Today is “International Alzheimer’s Day”. Given my interest in Alzheimer’s disease (AD) and my role at Pfizer to investigate the safety and efficacy of a potential therapy in AD patients, this seemed like an especially appropriate day to blog. AD is second only to cancer as the most feared disease in the United States. It is a particularly cruel disease, given the progression of the dementia over an 8-10 year period (dementia is the loss of intellectual and social abilities severe enough to interfere with daily functioning).
The greatest risk factor for developing AD is advancing age. The risk doubles every five years from about the age of 65 onward. Age, of course, is not a risk factor that we can do anything about. Nor is our genetic make-up: do we have one (or two) Apo E4 genes, do we have a first degree relative with AD, etc…On the other hand, there are other risk factors that are at least, in part, within our control: do we have a heart healthy lifestyle, do we exercise regularly, do we keep an eye on our weight, blood pressure and cholesterol? All of these factors can contribute to whether (and when) we are ever diagnosed with AD. By looking at these risk factors, it’s clear that, in general, what is good for the heart is good for the brain, and vice-versa. It is also becoming increasing clear that AD is a disease that can begin years, probably decades, before individuals (and those who regularly interact with them) notice that there are significant problems in the ability to think, reason, remember and follow through with a task. What this means is that the brain, like all other organs in the body (lungs, liver, kidneys, etc…) has some resiliency or reserve. Thus, for a while, there may be compensatory mechanisms that still allow individuals to function at their baseline level. However, at some point, the brain can no longer fully compensate and the difficulties in thinking and memory begin to become evident.

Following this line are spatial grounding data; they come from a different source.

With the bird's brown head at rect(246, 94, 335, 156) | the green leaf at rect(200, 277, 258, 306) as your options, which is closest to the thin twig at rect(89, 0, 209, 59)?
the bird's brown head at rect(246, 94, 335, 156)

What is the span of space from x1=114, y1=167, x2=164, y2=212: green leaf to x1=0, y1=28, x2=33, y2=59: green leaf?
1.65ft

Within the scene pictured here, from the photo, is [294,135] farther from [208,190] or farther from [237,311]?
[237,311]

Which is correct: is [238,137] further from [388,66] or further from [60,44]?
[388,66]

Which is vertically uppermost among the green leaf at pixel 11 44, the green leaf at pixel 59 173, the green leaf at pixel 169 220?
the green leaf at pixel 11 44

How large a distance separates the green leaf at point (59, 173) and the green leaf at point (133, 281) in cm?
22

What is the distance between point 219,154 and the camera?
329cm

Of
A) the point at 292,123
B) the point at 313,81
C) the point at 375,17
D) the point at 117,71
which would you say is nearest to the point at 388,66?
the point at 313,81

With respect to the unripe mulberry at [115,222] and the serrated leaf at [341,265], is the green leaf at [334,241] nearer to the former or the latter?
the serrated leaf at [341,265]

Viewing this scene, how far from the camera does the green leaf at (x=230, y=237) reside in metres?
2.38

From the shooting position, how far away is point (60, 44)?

I believe that we are making great strides towards understanding what causes AD. Two proteins, called amyloid (Abeta) and tau are made in excessive amounts in the brains of individuals who have been diagnosed with AD. We now have experimental (not FDA approved yet) drugs that appear to have the capability of actually determining how much amyloid is in a person’s brain and thus to make a good inference as to whether they have AD. There are many different promising drugs that are targeting these two abnormal proteins, but none of them are approved for the treatment of AD at this time. I work on an antibody program that targets the amyloid protein. Antibodies can ‘capture’ certain proteins and thus render them incapable of performing their action (good or bad). Antibodies can be very specific for a certain protein (monoclonal antibody) or target several or many proteins (polyclonal). The one I am investigating is very specific for amyloid. We are currently studying this anti-amyloid antibody in patients who have AD to determine its safety and efficacy.
Of course, there are many other approaches besides targeting the abnormal amyloid or tau proteins and no one is sure about which approach is the best one or if we might even need more than one approach! It is an exciting time in Alzheimer’s research and I am delighted that Pfizer has committed significance resources to finding improved medicines to treat this dreaded disease.